Exactly reproduce the lines from the line that has "Off-White White Blue Stitching - Image 9" down to the last line of the entries, inclusive.

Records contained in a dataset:
------

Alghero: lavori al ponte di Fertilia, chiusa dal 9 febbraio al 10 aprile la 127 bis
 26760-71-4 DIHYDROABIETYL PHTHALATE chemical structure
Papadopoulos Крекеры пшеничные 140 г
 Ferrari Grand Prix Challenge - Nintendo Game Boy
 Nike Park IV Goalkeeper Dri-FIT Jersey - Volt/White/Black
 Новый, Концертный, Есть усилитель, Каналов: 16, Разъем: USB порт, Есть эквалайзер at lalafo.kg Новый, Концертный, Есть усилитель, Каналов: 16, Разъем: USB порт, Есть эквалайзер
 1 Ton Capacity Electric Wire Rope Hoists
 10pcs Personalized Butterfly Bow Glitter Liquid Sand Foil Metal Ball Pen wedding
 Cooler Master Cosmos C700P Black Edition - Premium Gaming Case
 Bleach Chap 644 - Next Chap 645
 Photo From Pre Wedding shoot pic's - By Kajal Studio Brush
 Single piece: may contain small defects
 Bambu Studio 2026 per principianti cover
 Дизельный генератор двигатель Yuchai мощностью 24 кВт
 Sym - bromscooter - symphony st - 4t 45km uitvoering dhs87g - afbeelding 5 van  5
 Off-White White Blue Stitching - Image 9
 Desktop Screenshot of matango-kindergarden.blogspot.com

------

__Exercise output__.
 Off-White White Blue Stitching - Image 9
 Desktop Screenshot of matango-kindergarden.blogspot.com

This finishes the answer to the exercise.